China Zenix Auto International Limited (OTC: ZXAIY) (the “Company”), one of the largest commercial vehicle wheel manufacturers in China in both the aftermarket and OEM market by sales volume, today announced that it has called a general meeting of shareholders (the “General Meeting”), to be held at 10:00 a.m. Beijing Time on January 21, 2022, at No. 1608, North Circle Road State Highway, Zhangzhou, Fujian Province, People’s Republic of China, to consider and vote on, among other things, the proposal to authorize and approve (i) the previously announced agreement and plan of merger (the “Merger Agreement”) dated October 19, 2021 by and between the Company and Newrace Limited (“Parent”), which was joined by Newrace Mergersub Limited, a wholly owned subsidiary of Parent (“Merger Sub”) on October 20, 2021, (ii) the plan of merger with respect to the merger, substantially in the form attached as Annex A to the Merger Agreement (together with the Articles of Merger, the “Plan of Merger”), (iii) the articles of merger required to be filed with the Registrar of Corporate Affairs of the British Virgin Islands in connection with the merger, substantially in the form attached as Annex B to the Merger Agreement  (the “Articles of Merger”) and (iv) the transactions contemplated thereby, including the merger.

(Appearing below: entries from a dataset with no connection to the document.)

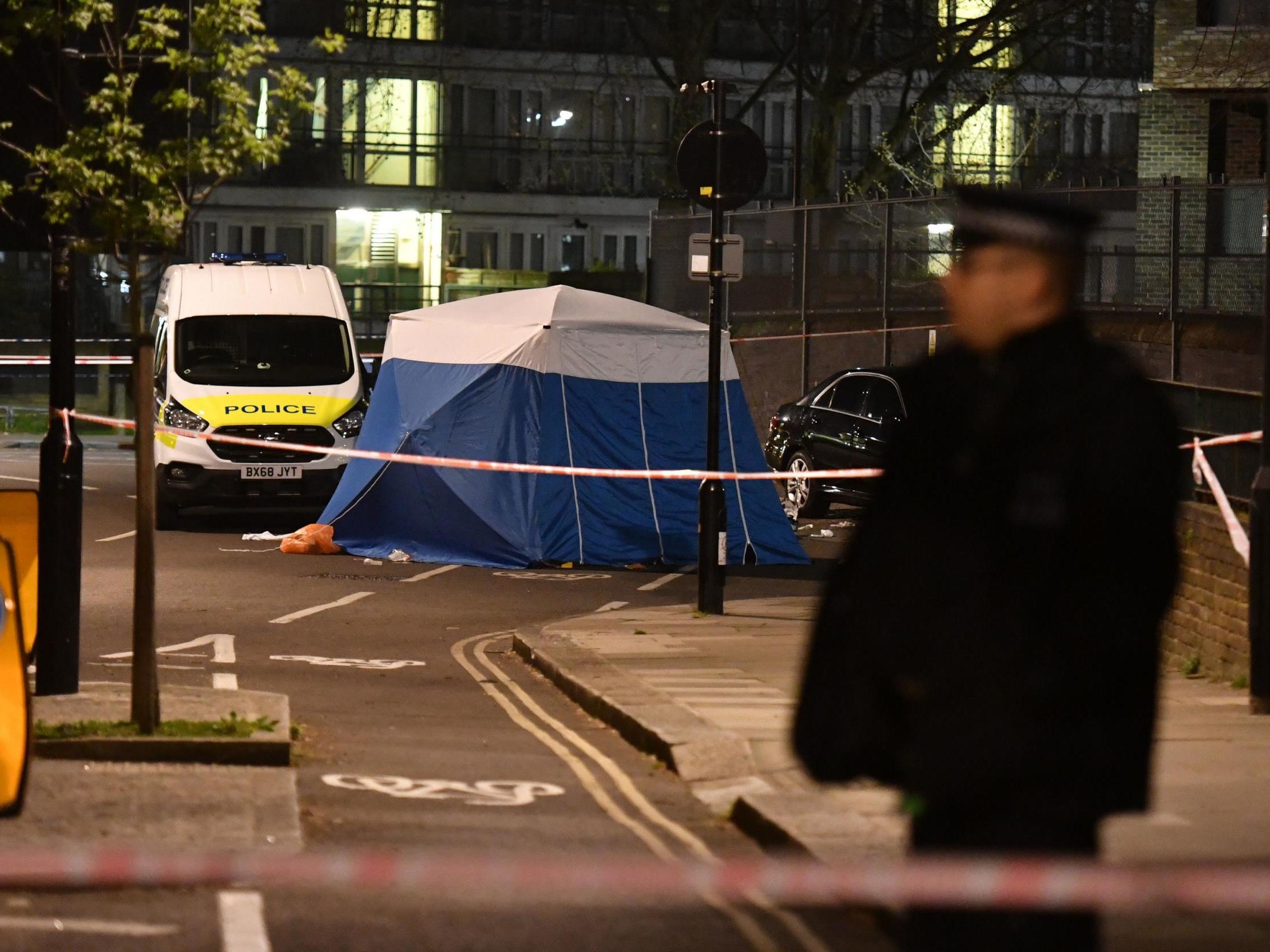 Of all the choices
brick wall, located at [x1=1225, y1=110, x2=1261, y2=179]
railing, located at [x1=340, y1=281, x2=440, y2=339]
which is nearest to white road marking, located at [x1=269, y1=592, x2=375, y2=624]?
brick wall, located at [x1=1225, y1=110, x2=1261, y2=179]

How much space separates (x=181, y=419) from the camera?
21.8m

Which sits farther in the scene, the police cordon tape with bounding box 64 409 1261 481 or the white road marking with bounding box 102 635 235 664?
the white road marking with bounding box 102 635 235 664

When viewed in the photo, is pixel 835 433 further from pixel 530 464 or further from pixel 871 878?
pixel 871 878

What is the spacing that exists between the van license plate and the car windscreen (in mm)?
1067

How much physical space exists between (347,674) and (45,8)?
177 inches

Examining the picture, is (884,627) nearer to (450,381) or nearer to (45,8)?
(45,8)

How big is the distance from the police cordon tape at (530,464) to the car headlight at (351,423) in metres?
0.34

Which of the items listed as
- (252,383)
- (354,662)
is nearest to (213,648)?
(354,662)

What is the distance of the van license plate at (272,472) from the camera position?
845 inches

Pursuant to the Merger Agreement and the Plan of Merger, at the effective time of the merger, Merger Sub will merge with and into the Company, with the Company continuing as the surviving company and becoming a wholly owned subsidiary of Parent. If completed, the merger will result in the Company becoming a privately held company and the American depositary shares of the Company, each representing four Shares of the Company (each, an “ADS” and collectively, “ADSs”) will no longer be listed for quotation on OTC Pink tier of the OTC Markets and the ADS program for the ordinary shares of the Company, par value US$0.0001 per share (each, a “Share”) will terminate. In addition, the Company’s ADSs and Shares represented by the ADSs will cease to be registered under the Securities Exchange Act of 1934 following the consummation of the merger.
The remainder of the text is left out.